DianDi Daily(第20240703期)

DianDi Daily(第20240703期)

Capital Market Reform Urgently Needed / 资本市场改革迫在眉睫

DianDi Daily(第20240703期)

A leading financial expert in China has called for urgent reforms to the country’s stock market.

This comes after a big company called Evergrande(恒大) ran into a lot of trouble because of the money it owed.

The expert, Wu Xiaoqiu, thinks it’s really important to make sure that the rules about money are followed and that the money system helps everyone, not just big companies. He also emphasized the need for closer scrutiny of new companies entering the stock market.

The Chinese stock market got a little better on Monday after some problems. This is good news and shows that things might be getting better soon.

A leading financial expert and senior economist is calling for urgent reforms in China’s capital market following the recent debt troubles of property giant Evergrande(恒大). Wu Xiaoqiu, former vice-president of Renmin University of China and dean of the National Academy of Financial Research, emphasized the need for deepened reforms to prevent rule violations and prioritize the interests of investors.

The upcoming plenary session of the 20th Communist Party of China Central Committee is expected to focus on key reform and opening-up agenda points, with financial reform taking a central stage.

Wu highlighted the need to improve the regulatory mechanism systematically, emphasizing the importance of enhancing the credit system, regulatory framework, and risk identification capabilities.

He also suggested that China could learn from the US regulatory system to prevent incidents like the Evergrande fraud. The China Securities Regulatory Commission is considering new measures to strengthen administrative, criminal, and civil accountability for illegal activities to protect the legitimate rights of smaller investors.

Wu also emphasized the need to shift the focus of China’s capital market from serving the financing needs of listed companies to helping investors manage their wealth, aiming to provide better returns for investors and ensure the market’s growth.

The expert also mentioned the need for stricter evaluation of IPO applications and the suspension of the securities refinancing mechanism if necessary.

The China A-share market rallied on Monday following a downturn since late May, with the benchmark Shanghai Composite Index up by 0.92 percent.

What is the financial expert Wu Xiaoqiu’s opinion on the securities refinancing mechanism in China’s A-share market?

A) He believes it is an effective way to protect investor interests.

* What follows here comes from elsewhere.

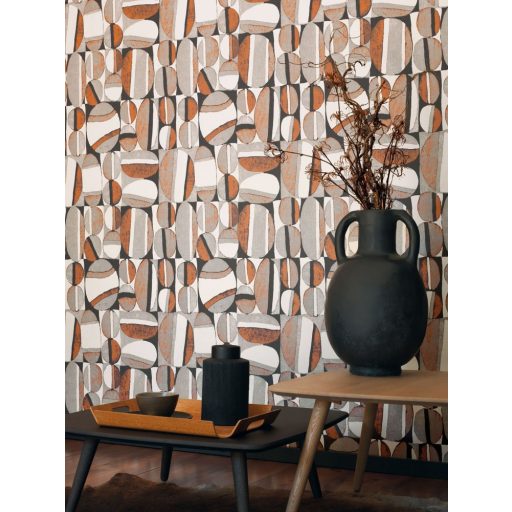 Casadeco Nangara NANG84389532 ANANGU NOIR et CUIVRE Etno Natur festett sziklák rézszín fekete szürke fehér tapéta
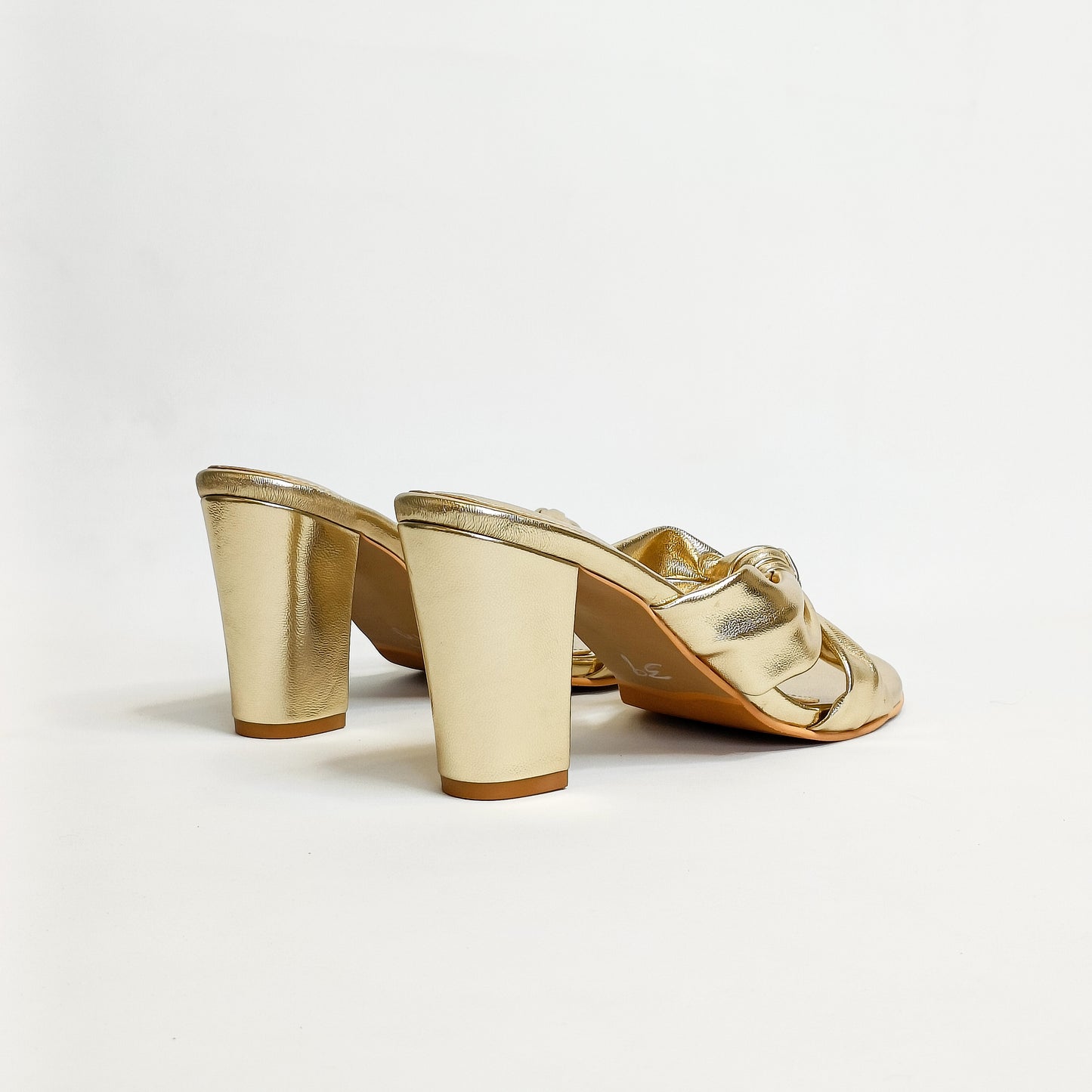 Knotted Gold Block Heels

B) He thinks it is a crucial part of the market’s growth and should be expanded.

C) He considers it a ridiculous mechanism that overlooks many investor interests.

D) He believes it is a necessary step to prevent market downturns and should be encouraged.

C) He considers it a ridiculous mechanism that overlooks many investor interests.

Explanation: In the article, Wu Xiaoqiu is quoted as saying that the current practice of securities refinancing in the A-share market is a “ridiculous mechanism” that overlooks many investor interests. This indicates his negative opinion of the securities refinancing mechanism.